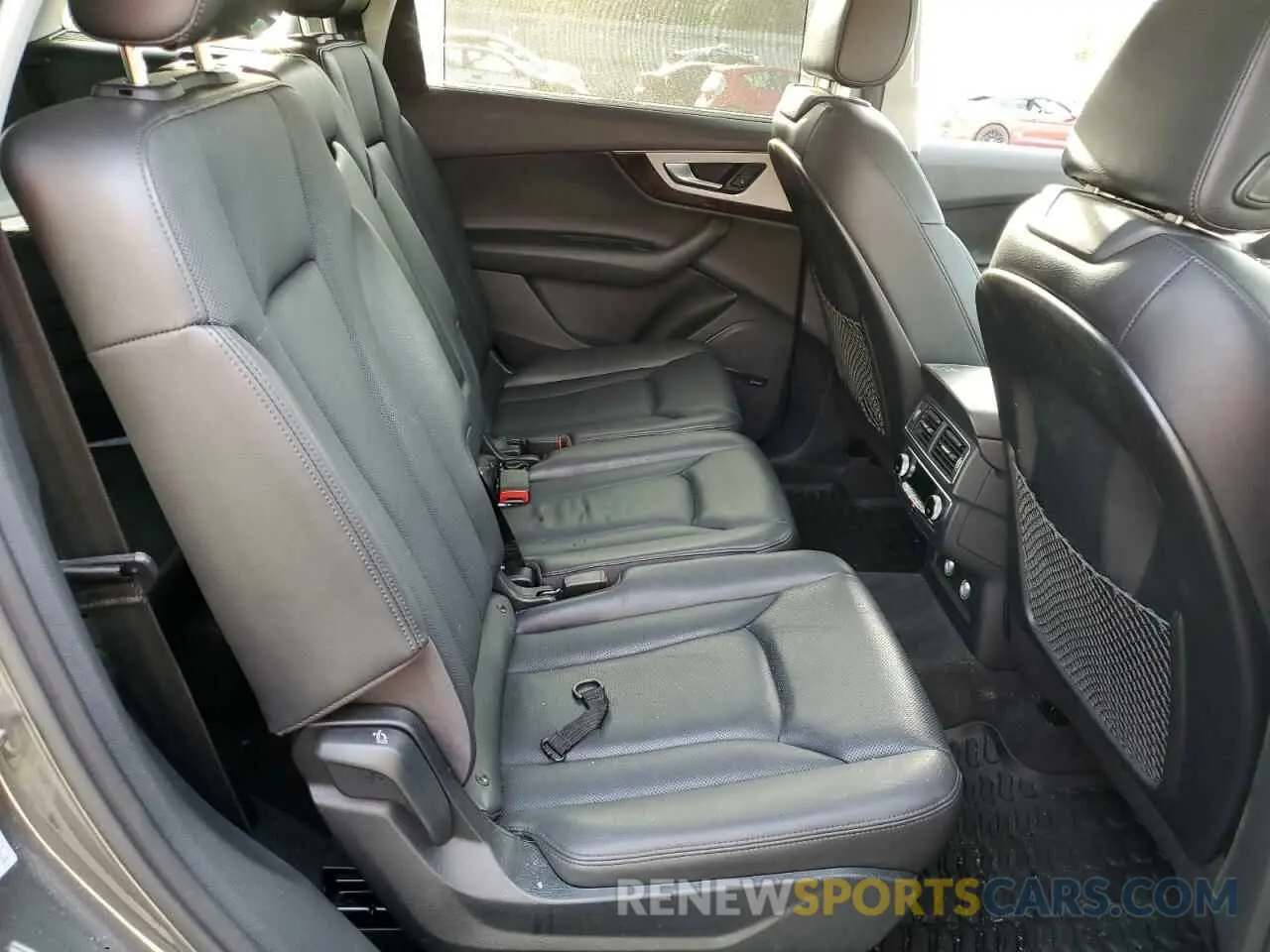 11 Photograph of a damaged car WA1LHAF75KD020041 AUDI Q7 2019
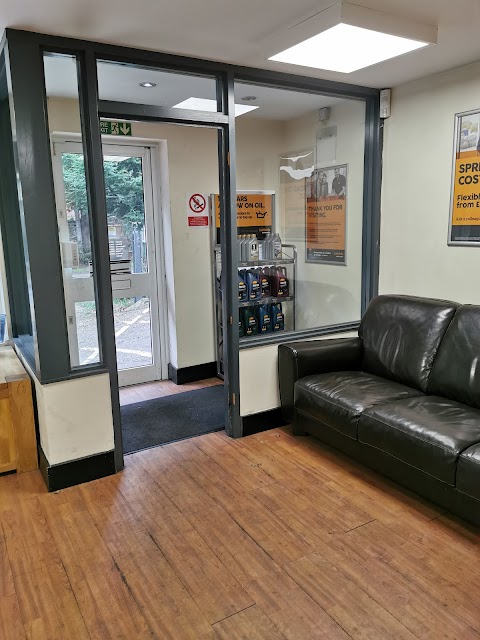 Halfords Autocentre Sandhurst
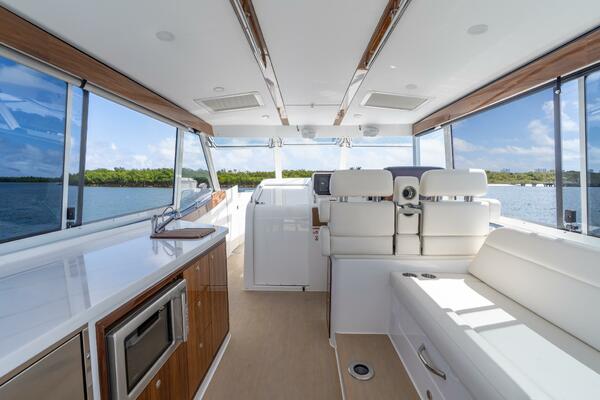 MJM 47X 47-003 - Outdoor galley and seating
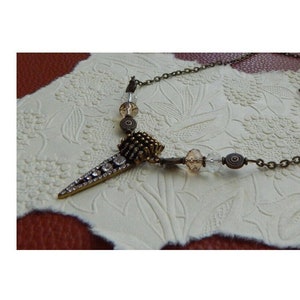 Gold Art Deco Necklace: Jeweled Pendant, Faceted Glass Beads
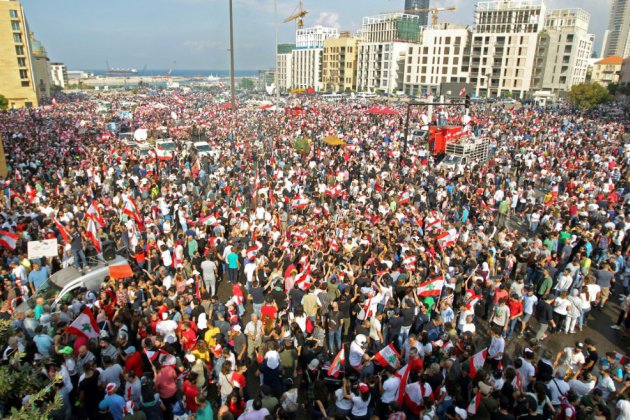 Liban: cinquième jour de manifestations, plan de réformes attendu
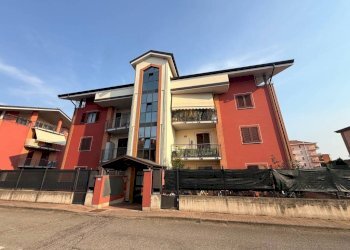 Facciata - Appartamento via Susa, Carmagnola - foto 1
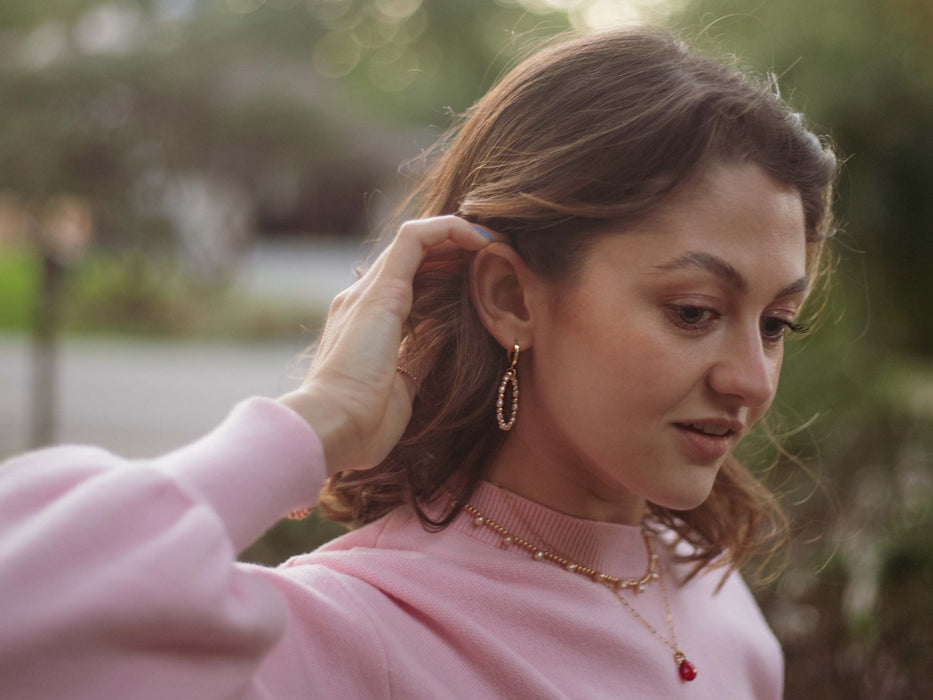 Pequeños aros de perlas rosas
****************
## Required action:
Excluding the pictures, reproduce every entry exactly as given.

## Solution to the exercise:
 11 Photograph of a damaged car WA1LHAF75KD020041 AUDI Q7 2019
 Halfords Autocentre Sandhurst
 MJM 47X 47-003 - Outdoor galley and seating
 Gold Art Deco Necklace: Jeweled Pendant, Faceted Glass Beads
 Liban: cinquième jour de manifestations, plan de réformes attendu
 Facciata - Appartamento via Susa, Carmagnola - foto 1
 Pequeños aros de perlas rosas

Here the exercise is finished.